I've managed my time poorly yet again. In keeping with my poorly-thought-out policy of reading books after floppies, I just finished this and it's late at night. Trust me, I would go on but I need sleep. Here are the highlights:

1. Faith Erin Hicks excels at drawing young people in strange situations. Here we have a book about science fictional weirdness at a summer camp. Predictably, it is great-looking.

2. Susan Kim and Laurence Klaven: I hadn't read them before, though I may now have to go back and pick up City of Spies. Again: young people in weird situations. Plucky youths against adult conspiracy! There's a reason I read so many books that could be described in those terms whilst I was growing up and that reason is that done well they equal pure entertainment.

To summarize: GOOD BOOK. And Hicks' art looks delightful in colour.

Kill Shakespeare No. 4

Another  highly entertaining issue! This is the one, in fact, that out-Shakespeare nerded me - I had to look up a couple of the minor characters. In my defence, I was at my most slackerly the year that I was supposedly reading all of the plays. Wait, that's not really much of a defence, is it? In any case: good job.

BUT.

I have one major problem with this issue, and since I didn't notice it earlier it's probably some form of editorial oversight or the like. There's a lot of olde timey English being spoken here, which is appropriate for something set not just in Shakespearian England but in Shakespeare itself, but there are some major grammatical problems here. Thee, thou and thy are not interchangeable! Oh, the madness!

Writers of the world: I will check your Elizabethan English FOR FREE at any time, it drives me so nuts.

Superman: The Last Family of Krypton No. 1 - Hey, Elseworlds is back! Hooray! And this is a lovely little story about Jor-El and Lara coming to Earth with their kid! Yay! And of course everything is going to go horribly wrong next issue! Yay!

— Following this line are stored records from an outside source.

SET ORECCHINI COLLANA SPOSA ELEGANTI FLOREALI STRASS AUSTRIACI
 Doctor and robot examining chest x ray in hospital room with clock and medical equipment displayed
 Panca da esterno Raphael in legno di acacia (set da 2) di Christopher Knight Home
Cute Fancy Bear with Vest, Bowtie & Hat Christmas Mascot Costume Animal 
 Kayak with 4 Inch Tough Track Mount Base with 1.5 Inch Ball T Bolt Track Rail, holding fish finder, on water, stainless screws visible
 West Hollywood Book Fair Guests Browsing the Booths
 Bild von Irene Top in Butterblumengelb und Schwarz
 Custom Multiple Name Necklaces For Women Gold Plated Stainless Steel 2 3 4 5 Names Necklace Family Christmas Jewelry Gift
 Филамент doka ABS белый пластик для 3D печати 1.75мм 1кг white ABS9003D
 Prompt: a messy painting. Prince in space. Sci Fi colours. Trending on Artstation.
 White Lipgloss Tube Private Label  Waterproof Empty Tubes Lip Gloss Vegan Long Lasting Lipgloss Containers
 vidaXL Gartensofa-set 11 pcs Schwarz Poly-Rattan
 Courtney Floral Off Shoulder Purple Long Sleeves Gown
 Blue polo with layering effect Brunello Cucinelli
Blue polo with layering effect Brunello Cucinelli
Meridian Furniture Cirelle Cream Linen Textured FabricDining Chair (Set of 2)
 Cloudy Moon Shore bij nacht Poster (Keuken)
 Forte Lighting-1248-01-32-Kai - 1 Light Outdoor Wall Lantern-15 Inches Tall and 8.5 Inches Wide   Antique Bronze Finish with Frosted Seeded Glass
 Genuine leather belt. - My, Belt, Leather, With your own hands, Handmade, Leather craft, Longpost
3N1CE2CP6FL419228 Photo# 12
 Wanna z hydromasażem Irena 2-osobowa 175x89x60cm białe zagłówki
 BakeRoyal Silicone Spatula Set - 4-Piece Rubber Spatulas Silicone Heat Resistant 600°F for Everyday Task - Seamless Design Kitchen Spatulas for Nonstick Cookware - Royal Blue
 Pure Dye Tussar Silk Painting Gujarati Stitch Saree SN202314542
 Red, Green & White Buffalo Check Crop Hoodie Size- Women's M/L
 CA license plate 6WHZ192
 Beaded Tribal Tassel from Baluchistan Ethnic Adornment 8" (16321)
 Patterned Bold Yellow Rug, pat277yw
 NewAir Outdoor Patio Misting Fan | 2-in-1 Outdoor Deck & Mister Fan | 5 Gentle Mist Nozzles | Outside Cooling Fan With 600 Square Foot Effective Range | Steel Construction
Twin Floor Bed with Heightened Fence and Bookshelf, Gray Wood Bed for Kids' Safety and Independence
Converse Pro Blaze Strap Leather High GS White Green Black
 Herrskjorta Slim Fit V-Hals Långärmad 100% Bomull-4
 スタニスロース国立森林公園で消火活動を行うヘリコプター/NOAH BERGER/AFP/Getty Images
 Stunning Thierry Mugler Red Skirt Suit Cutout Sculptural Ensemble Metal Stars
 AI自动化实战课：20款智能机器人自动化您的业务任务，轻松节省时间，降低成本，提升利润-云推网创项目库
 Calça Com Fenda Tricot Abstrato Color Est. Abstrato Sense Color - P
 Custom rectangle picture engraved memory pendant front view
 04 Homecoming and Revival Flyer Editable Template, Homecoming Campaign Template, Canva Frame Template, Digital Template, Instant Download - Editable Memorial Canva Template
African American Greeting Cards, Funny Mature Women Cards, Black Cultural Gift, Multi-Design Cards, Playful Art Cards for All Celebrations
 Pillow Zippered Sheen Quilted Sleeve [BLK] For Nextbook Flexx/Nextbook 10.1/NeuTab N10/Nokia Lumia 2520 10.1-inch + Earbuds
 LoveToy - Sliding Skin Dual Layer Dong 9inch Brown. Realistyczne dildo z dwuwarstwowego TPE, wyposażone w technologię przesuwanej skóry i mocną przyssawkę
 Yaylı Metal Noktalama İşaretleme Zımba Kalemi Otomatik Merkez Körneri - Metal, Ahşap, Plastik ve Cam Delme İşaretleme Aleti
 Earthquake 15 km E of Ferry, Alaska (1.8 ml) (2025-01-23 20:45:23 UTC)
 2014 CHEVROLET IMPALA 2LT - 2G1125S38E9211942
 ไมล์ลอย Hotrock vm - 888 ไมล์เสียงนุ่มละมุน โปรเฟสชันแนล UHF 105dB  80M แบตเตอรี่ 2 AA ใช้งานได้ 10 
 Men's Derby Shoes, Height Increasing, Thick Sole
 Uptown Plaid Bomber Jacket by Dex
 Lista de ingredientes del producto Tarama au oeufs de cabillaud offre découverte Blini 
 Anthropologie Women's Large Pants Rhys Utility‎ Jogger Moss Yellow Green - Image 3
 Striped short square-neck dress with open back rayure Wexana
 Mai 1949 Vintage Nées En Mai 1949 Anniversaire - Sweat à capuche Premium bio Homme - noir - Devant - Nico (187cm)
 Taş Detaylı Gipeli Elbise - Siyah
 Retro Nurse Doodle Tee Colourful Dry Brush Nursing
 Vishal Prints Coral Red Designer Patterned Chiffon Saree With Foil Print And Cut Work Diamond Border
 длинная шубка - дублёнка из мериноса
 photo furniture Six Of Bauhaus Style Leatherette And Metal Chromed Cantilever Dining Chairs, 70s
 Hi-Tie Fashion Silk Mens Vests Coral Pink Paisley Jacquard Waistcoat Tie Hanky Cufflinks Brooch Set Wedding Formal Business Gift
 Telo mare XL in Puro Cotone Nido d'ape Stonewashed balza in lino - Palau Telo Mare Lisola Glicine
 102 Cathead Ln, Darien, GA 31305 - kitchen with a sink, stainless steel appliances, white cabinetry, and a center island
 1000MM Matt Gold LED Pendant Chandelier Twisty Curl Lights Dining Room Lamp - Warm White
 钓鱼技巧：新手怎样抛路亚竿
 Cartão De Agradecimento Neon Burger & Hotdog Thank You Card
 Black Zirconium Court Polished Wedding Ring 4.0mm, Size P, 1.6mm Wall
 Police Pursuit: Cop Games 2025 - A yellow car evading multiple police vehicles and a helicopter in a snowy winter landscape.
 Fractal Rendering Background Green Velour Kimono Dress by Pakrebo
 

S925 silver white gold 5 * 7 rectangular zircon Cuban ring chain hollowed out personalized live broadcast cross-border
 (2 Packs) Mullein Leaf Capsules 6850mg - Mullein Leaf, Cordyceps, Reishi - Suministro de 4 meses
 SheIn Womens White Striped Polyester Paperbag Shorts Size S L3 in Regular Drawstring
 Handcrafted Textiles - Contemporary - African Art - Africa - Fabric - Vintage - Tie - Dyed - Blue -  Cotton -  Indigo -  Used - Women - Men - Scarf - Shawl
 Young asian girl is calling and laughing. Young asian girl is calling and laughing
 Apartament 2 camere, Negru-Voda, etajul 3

Sparta, USA No. 6 - Yet another Wildstorm series ends. Will they step up with a new crazy yarn for me to read? Who knows? What I do know is that I was taken off-guard by the end of this one. Hooray for surprises!

Hellboy: The Storm No. 2 - I know that I go on and on about Hellboy and its sibling titles, or at least heavily imply that I could go on and on,  but hot damn. Stuff from maybe a decade ago is paying off in this title right now. There is possibly nothing else out there that encompasses both continuity and progress quite like these series do. Okay, there probably is, but I like this better.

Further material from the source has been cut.